Servings: 10 servings


¼ pound (1 stick) butter, softened

1 ¾ cups sugar

3 eggs, at room temperature

2 teaspoons vanilla extract

2 ¼ cups all-purpose flour

3 ½ teaspoons baking powder

1 teaspoon salt

1 ¼ cups whole milk, at room temperature


¾ cup sugar

2 heaping tablespoons all-purpose flour

1 whole egg

1 egg yolk

1 cup whole milk

2 teaspoons vanilla-nut extract

¼ lb butter, softened

2 tablespoons confectioner’s sugar


3 small, ripe bananas

1 tablespoon lemon juice

½ cup graham cracker crumbs


1 cup egg whites, from 5 or 6 eggs

1 pinch cream of tartar

1 cup superfine sugar


Make the three cakes:

Preheat the oven to 350°F. Grease the bottom and sides of three 7-inch springform pans (if you don’t have three, you can reuse the ones you have). Line the bottom and sides with parchment paper, and then grease the paper.
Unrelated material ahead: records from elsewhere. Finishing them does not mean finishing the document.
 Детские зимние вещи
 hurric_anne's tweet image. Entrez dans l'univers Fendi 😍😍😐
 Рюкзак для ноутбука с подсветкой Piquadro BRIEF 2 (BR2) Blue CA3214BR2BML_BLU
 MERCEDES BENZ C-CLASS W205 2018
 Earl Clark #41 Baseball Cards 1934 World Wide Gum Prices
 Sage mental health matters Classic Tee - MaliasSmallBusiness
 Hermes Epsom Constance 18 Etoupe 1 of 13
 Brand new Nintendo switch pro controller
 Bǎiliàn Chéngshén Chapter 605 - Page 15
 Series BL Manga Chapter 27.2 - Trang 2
In the bowl of a standing mixer fitted with the paddle attachment, cream the butter and sugar together.

Add the eggs and vanilla and beat until combined.
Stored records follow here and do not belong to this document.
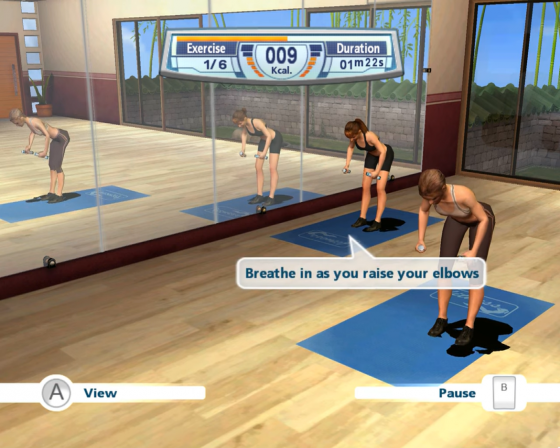 My Body Coach Screenshot 7 (Nintendo Wii (EU Version))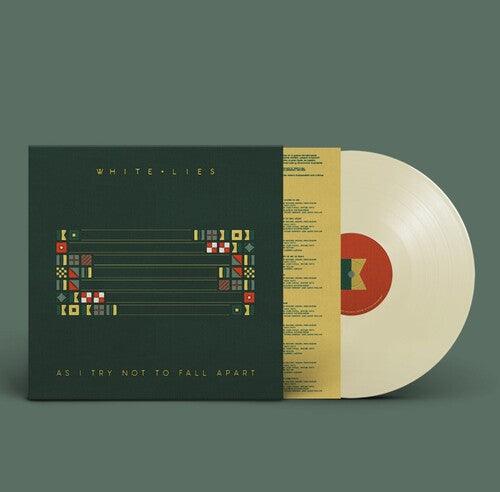 White Lies- As I Try Not To Fall Apart (Indie Exclusive Vinyl) (Cream) - LP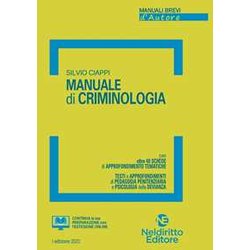 Manuale Di Criminologia. Nuova Ediz. Manuale Di Criminologia. Nuova Ediz.
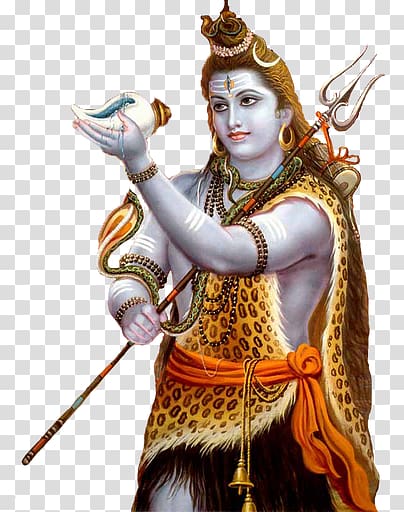 Shiva transparent background PNG clipart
Combine the flour, baking powder, and salt and add to the mixer bowl in three batches, alternating with the milk and beginning and ending with the flour mixture. Scrape down the bowl and beat on high speed for 3 minutes.

Divide the batter evenly into pans, or if reusing a pan, fill each pan two-thirds full.

Bake for 25 to 30 minutes, or until a toothpick comes out clean when inserted into the middle of the cakes.

Let the cakes cool slightly in the pans. Remove and let them cool completely on a wire rack.

Make the custard frosting:

In a medium saucepan, mix the sugar and flour together.

Beat in the whole egg and egg yolk. Add the milk. Mix well.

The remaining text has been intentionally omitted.